=== EXERCISE INPUTS ===
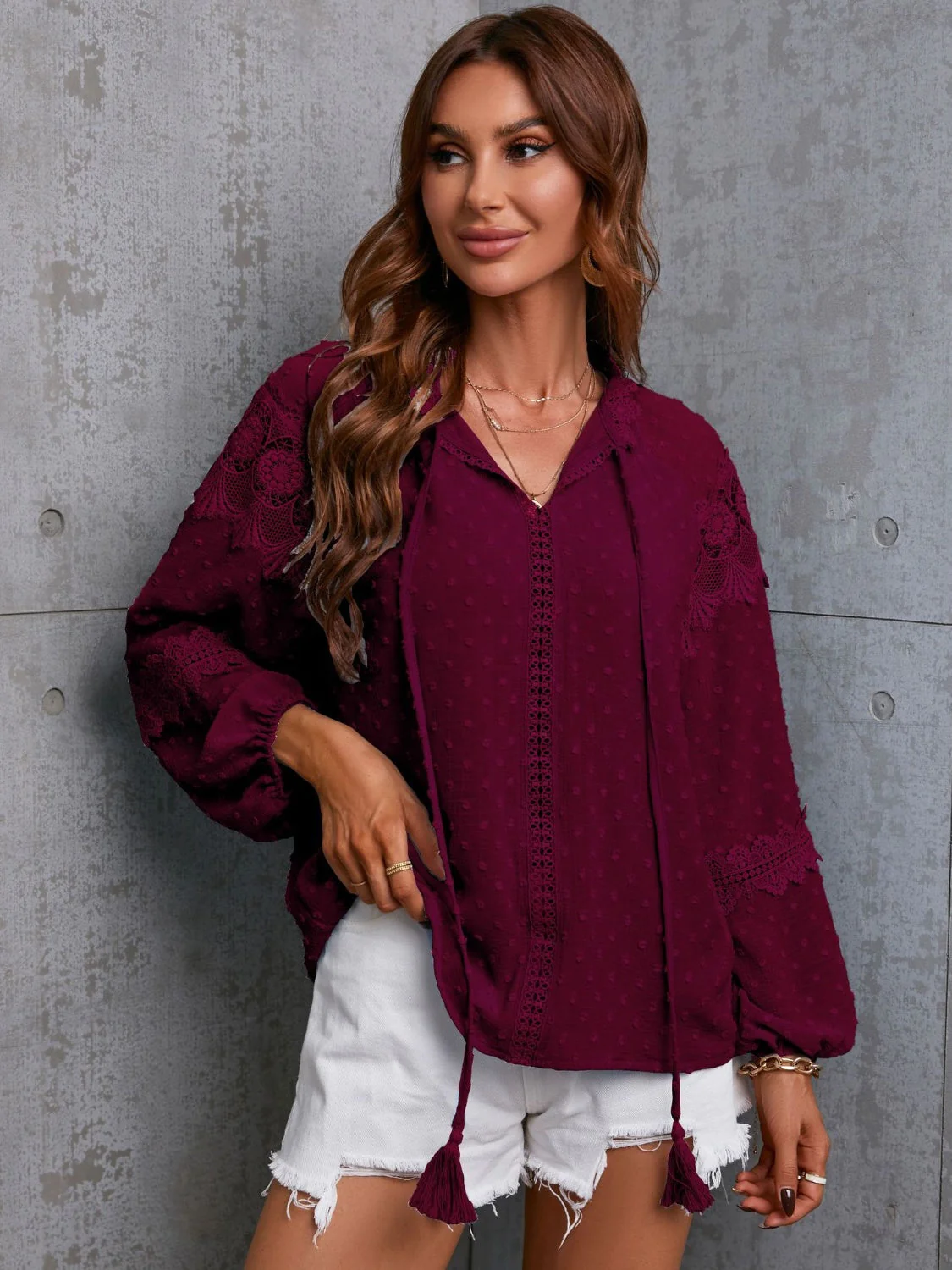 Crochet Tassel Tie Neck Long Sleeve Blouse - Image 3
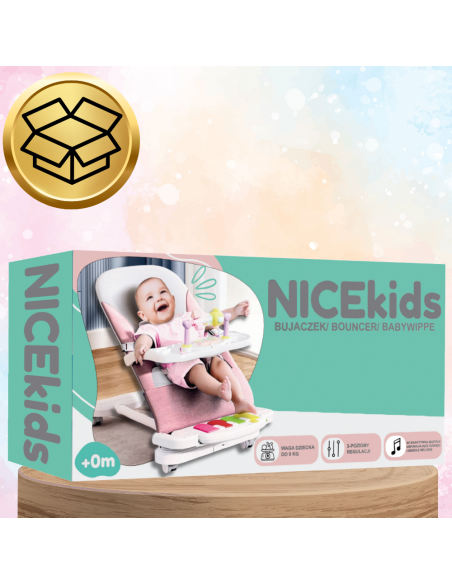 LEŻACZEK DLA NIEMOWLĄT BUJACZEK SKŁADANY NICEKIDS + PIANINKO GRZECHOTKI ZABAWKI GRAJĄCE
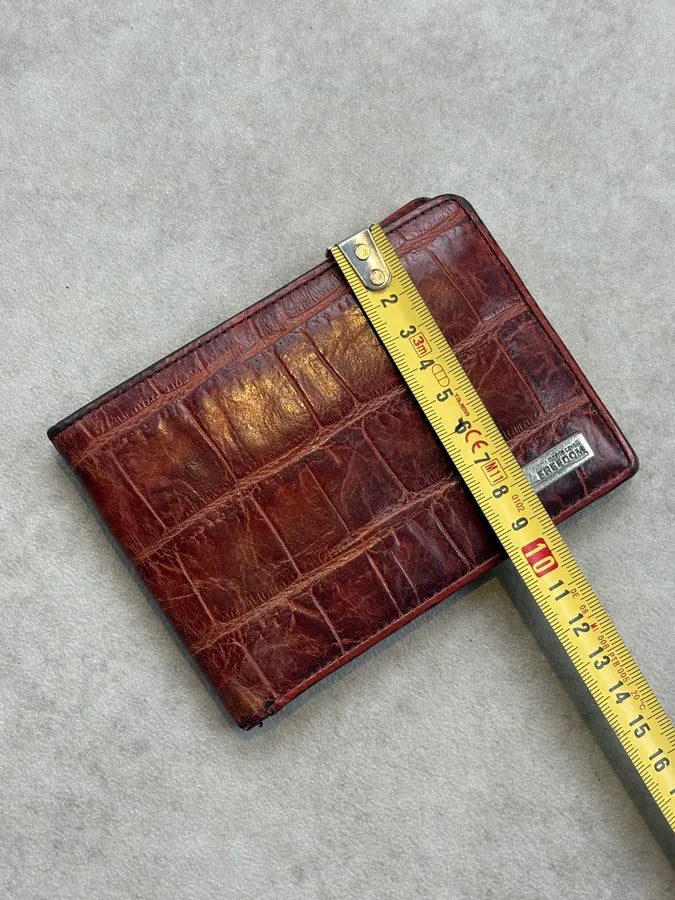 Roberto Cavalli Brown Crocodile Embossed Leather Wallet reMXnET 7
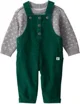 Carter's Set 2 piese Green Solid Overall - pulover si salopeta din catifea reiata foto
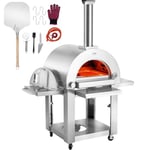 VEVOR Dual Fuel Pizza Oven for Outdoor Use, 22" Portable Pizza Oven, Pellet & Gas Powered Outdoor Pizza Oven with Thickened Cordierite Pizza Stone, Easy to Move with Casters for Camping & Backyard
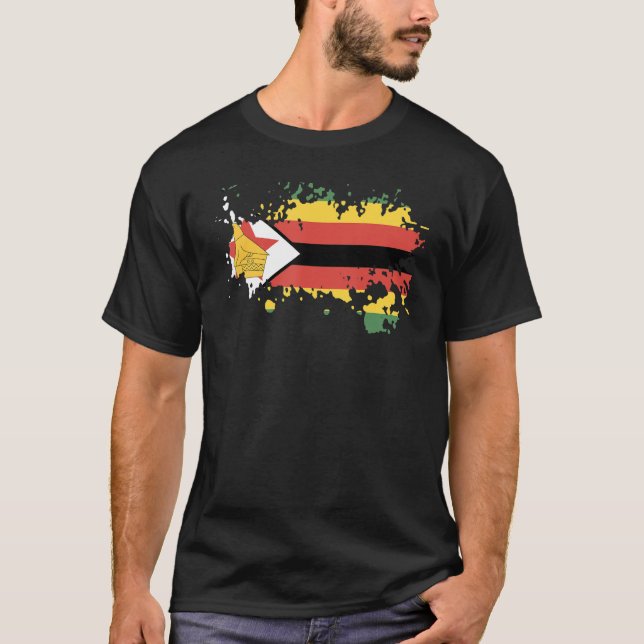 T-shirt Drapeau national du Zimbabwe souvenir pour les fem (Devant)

=== INSTRUCTIONS TO FOLLOW ===
Return all the material exactly, pictures excluded.

=== EXPECTED OUTPUT ===
 Crochet Tassel Tie Neck Long Sleeve Blouse - Image 3
 LEŻACZEK DLA NIEMOWLĄT BUJACZEK SKŁADANY NICEKIDS + PIANINKO GRZECHOTKI ZABAWKI GRAJĄCE
 Roberto Cavalli Brown Crocodile Embossed Leather Wallet reMXnET 7
 Carter's Set 2 piese Green Solid Overall - pulover si salopeta din catifea reiata foto
 VEVOR Dual Fuel Pizza Oven for Outdoor Use, 22" Portable Pizza Oven, Pellet & Gas Powered Outdoor Pizza Oven with Thickened Cordierite Pizza Stone, Easy to Move with Casters for Camping & Backyard
 T-shirt Drapeau national du Zimbabwe souvenir pour les fem (Devant)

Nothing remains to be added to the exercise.